When splitting triangles in a 3D mesh, care must be taken to ensure that no cracks or seams appear in the mesh. The ROAM algorithm handles this by following one simple rule: except at the edges of the map, only a square can be split. In this case a square is defined as two right triangles of the same size sharing their longest edge. When you need to split a triangle whose neighbor along the longest edge is not the same size, you must split its neighbor first. If the neighbor isn't part of a square, then its neighbor must be split before that. This check continues recursively until a square is reached or the edge of the map is reached, and all triangles along the path are split as the recursion unwinds. The figure below illustrates how this works:
Attempting to split triangle T requires four new vertices to be added to the mesh. Those vertices and the new edges created are highlighted in red and numbered in order. The first vertex makes the bottom-right corner of the map into a square. The second vertex makes a diagonal square in the bottom center. The third vertex makes triangle T part of a square. Last but not least, the fourth vertex splits triangle T.
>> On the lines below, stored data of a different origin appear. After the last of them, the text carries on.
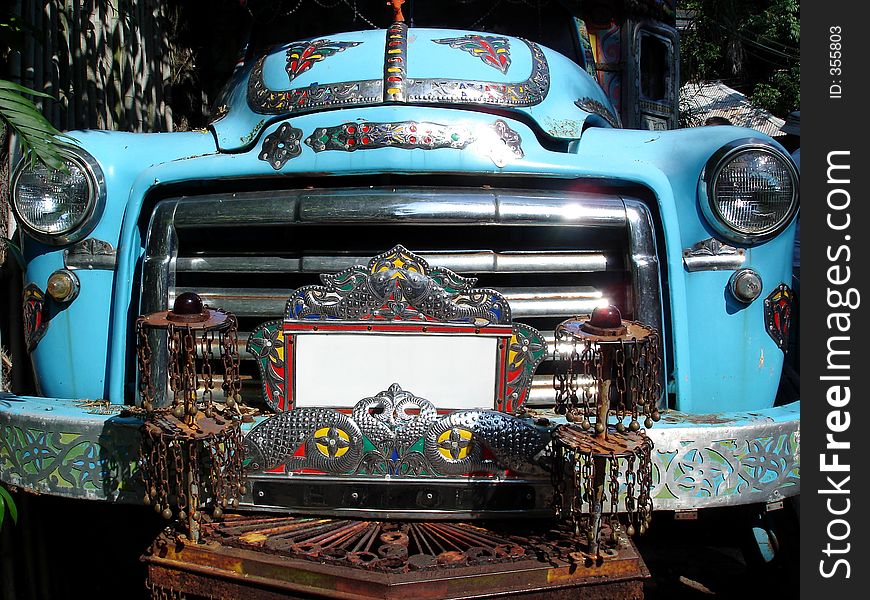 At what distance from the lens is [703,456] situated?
6.82 ft

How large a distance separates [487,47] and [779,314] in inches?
52.4

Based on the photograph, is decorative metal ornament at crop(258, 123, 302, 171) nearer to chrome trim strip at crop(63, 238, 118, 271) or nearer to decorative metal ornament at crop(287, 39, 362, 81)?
decorative metal ornament at crop(287, 39, 362, 81)

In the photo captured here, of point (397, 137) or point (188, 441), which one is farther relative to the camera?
point (397, 137)

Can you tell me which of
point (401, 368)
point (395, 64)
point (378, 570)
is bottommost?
point (378, 570)

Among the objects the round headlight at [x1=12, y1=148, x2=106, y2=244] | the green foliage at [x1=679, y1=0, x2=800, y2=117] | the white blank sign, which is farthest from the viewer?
the green foliage at [x1=679, y1=0, x2=800, y2=117]

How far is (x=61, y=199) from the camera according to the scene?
2.42m

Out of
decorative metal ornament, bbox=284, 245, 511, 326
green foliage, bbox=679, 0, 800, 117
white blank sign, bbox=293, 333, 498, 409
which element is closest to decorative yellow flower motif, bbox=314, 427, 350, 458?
white blank sign, bbox=293, 333, 498, 409

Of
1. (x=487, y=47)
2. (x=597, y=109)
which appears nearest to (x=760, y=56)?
(x=597, y=109)

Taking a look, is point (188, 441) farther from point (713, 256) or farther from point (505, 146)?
point (713, 256)

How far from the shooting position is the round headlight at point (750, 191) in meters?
2.28

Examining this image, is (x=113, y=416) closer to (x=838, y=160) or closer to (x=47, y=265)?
(x=47, y=265)

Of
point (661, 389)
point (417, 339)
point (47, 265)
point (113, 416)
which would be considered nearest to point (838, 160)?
point (661, 389)

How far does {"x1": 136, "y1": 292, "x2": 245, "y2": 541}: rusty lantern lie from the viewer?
194cm

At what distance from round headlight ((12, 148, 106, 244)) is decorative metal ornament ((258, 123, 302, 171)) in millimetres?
492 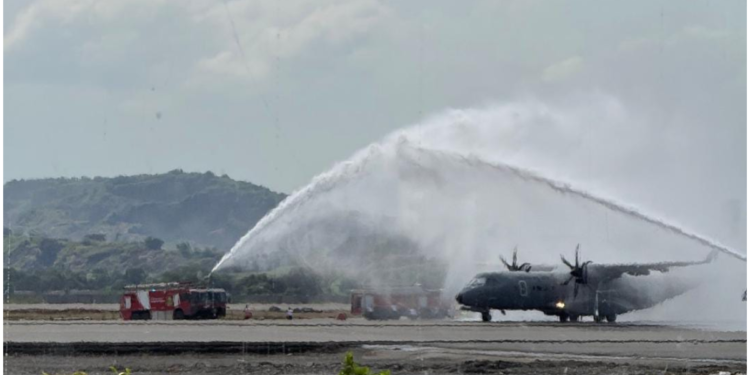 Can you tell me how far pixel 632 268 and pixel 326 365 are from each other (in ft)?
111

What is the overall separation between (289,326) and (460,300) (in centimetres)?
1106

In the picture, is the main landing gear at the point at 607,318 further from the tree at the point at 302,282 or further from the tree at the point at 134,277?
the tree at the point at 134,277

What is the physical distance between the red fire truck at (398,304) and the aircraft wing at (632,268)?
981 cm

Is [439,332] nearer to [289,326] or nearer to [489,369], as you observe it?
[289,326]

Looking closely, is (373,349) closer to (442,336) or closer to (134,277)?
(442,336)

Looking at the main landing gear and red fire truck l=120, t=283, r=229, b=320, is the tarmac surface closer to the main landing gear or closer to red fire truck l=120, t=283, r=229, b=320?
the main landing gear

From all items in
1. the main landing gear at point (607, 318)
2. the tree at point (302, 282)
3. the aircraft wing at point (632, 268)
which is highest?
the aircraft wing at point (632, 268)

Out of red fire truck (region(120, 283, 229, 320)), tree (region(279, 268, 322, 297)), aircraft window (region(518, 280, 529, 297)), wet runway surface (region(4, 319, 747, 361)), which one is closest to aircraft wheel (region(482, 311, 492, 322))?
aircraft window (region(518, 280, 529, 297))

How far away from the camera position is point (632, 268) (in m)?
63.8

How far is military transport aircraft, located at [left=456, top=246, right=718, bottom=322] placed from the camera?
202ft

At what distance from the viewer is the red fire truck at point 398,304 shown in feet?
220

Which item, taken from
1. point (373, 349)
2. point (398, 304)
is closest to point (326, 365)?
point (373, 349)

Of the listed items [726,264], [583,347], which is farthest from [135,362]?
[726,264]

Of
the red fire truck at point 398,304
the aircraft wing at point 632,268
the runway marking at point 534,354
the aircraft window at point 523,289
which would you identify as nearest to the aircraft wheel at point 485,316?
the aircraft window at point 523,289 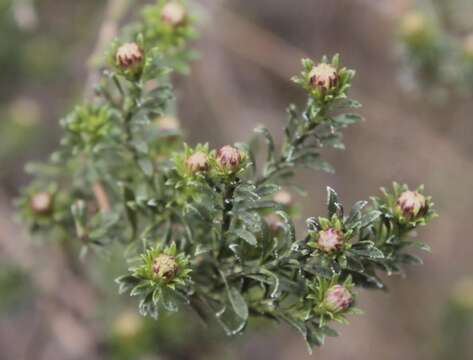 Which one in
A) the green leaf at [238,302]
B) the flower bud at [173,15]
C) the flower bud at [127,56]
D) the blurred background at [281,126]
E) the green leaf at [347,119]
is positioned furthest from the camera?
the blurred background at [281,126]

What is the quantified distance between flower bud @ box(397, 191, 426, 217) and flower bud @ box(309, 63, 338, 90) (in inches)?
13.4

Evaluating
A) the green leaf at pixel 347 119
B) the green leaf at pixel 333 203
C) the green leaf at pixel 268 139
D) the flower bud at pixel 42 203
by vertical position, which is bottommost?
the green leaf at pixel 333 203

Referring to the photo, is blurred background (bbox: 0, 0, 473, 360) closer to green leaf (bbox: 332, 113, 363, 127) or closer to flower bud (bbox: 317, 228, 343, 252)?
green leaf (bbox: 332, 113, 363, 127)

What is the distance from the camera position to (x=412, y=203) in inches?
73.8

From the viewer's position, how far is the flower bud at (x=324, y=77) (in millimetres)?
1935

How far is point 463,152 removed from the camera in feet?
17.0

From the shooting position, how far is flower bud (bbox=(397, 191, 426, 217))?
6.14 ft

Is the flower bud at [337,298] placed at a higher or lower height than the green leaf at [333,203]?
lower

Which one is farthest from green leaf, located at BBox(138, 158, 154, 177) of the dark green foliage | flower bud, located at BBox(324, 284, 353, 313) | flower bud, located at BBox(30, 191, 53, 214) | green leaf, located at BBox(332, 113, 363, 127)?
flower bud, located at BBox(324, 284, 353, 313)

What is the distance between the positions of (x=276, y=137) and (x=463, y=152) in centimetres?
130

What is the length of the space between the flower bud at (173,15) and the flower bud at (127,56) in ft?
1.69

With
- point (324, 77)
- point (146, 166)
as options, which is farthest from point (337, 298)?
point (146, 166)

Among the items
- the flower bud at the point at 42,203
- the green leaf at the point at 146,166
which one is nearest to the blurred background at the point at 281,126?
the flower bud at the point at 42,203

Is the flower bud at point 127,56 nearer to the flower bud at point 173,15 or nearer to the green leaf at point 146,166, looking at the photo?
the green leaf at point 146,166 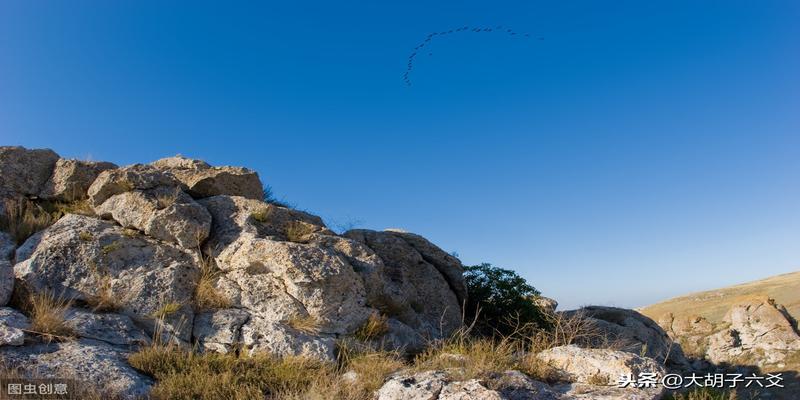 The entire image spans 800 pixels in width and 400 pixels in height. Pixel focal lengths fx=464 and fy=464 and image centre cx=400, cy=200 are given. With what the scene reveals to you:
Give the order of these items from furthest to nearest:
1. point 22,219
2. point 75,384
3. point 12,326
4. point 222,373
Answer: point 22,219, point 12,326, point 222,373, point 75,384

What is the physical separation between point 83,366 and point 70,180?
7.19 m

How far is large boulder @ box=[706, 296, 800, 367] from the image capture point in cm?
3766

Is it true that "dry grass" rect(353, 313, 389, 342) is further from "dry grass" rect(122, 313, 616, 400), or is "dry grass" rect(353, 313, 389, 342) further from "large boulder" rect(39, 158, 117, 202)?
Result: "large boulder" rect(39, 158, 117, 202)

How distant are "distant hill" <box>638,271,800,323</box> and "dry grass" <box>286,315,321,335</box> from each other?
49.0 meters

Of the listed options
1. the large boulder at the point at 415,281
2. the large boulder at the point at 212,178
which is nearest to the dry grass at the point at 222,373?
the large boulder at the point at 415,281

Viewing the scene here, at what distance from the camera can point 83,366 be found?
248 inches

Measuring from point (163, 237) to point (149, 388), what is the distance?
4.49 meters

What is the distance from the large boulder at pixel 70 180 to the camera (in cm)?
1141

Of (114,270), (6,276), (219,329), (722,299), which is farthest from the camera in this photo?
(722,299)

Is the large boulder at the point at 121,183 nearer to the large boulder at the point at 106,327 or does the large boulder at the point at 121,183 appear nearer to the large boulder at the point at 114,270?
the large boulder at the point at 114,270

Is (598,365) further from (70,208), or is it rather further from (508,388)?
(70,208)

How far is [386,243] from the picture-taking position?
1337 cm

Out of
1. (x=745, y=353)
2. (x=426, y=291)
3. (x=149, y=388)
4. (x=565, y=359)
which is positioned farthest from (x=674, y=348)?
(x=149, y=388)

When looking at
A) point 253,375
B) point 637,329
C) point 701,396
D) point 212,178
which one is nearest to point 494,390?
point 701,396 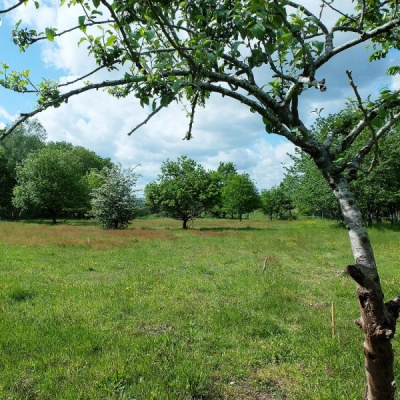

Because the mesh starts with two triangles and each is split recursively into two smaller triangles, a binary tree is often used to store the ROAM mesh in memory. In this case, each node in the tree contains a triangle at a certain level of detail, and each frame all the leaf nodes in the tree are rendered. Along with containing pointers to its vertices, the triangle object usually contains pointers to its neighbors and members dealing with its split priority.
To keep the mesh optimal as the camera moves around, we need to be able to remove triangles that are no longer needed. The rule for merging triangles back into their parent triangles is that, except at the edges of the map, only a diamond can be merged. A diamond is defined as four right triangles with their 90-degree angles sharing the same vertex, which is equates to a square that has just been split. To merge the diamond, just remove the center vertex and turn it back into a square. Unlike splitting a triangle through recursion, you must wait until a triangle becomes part of a diamond before you can merge it.
In addition, it's not very efficient to figure out if a particular triangle is part of a diamond and then figure out if that diamond needs to be merged. The best way to handle this seems to be to maintain a list of current diamonds at all times. Every split creates 1 diamond and destroys 0-2 diamonds, and every merge does the opposite. The diamond structure should contain pointers to its triangles and members dealing with its merge priority. Every frame merge priorities get checked, and all diamonds that fall below the split threshold get merged.
One of the best things about ROAM is the amount of control you have over the performance vs. visual quality trade-off. You can control it by fine-tuning the priority calculations, changing the priority threshold, setting limits on the frame rate, setting limits on the triangle count, or setting limits on the number of split/merge operations to perform per frame.
Probably the largest problem with ROAM is that mesh changes from one frame to the next might cause a visible "pop" in the terrain. This artifact can be reduced by a process called "geomorphing", where you gradually move vertices from the old position to the new position over a number of frames, smoothing the pop and making the transition less noticeable. You can also slowly change the vertex normal, color, and texture coordinates if necessary.
Mapping ROAM to a Sphere
Because the traditional ROAM algorithm only allows you to split a square, you have to start with a solid 3D shape that consists only of squares. To prevent cracks from forming in the mesh, the edges of these squares must fit together seamlessly in all directions. Each square in this shape will be treated like a top-level square, and each triangle like the root of a separate binary tree. Neighbor pointers have to be set up between these top-level triangles properly so that splitting at the edge of one top-level square can split the corresponding triangle on the adjacent edge.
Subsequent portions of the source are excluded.